Your instructions:
Each line of the data below should be restated exactly, with images left out.

Collected data:
↓

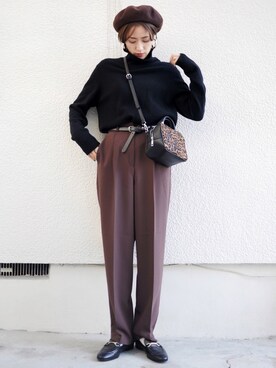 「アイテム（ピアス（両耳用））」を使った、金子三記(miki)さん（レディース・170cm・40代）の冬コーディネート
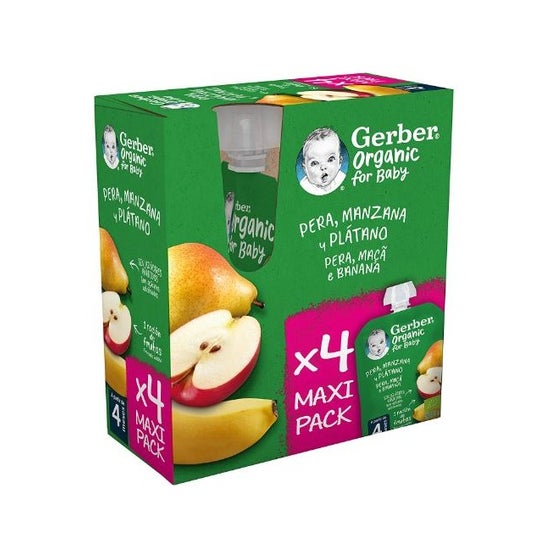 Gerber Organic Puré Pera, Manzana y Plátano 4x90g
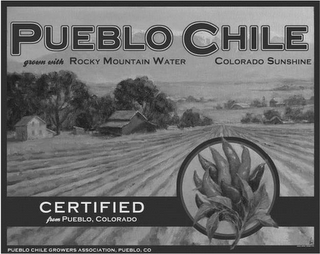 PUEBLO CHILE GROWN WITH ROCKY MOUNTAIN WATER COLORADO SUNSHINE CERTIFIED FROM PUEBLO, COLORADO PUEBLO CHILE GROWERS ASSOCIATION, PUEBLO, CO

↑

Output of the task:
 「アイテム（ピアス（両耳用））」を使った、金子三記(miki)さん（レディース・170cm・40代）の冬コーディネート
 Gerber Organic Puré Pera, Manzana y Plátano 4x90g
 PUEBLO CHILE GROWN WITH ROCKY MOUNTAIN WATER COLORADO SUNSHINE CERTIFIED FROM PUEBLO, COLORADO PUEBLO CHILE GROWERS ASSOCIATION, PUEBLO, CO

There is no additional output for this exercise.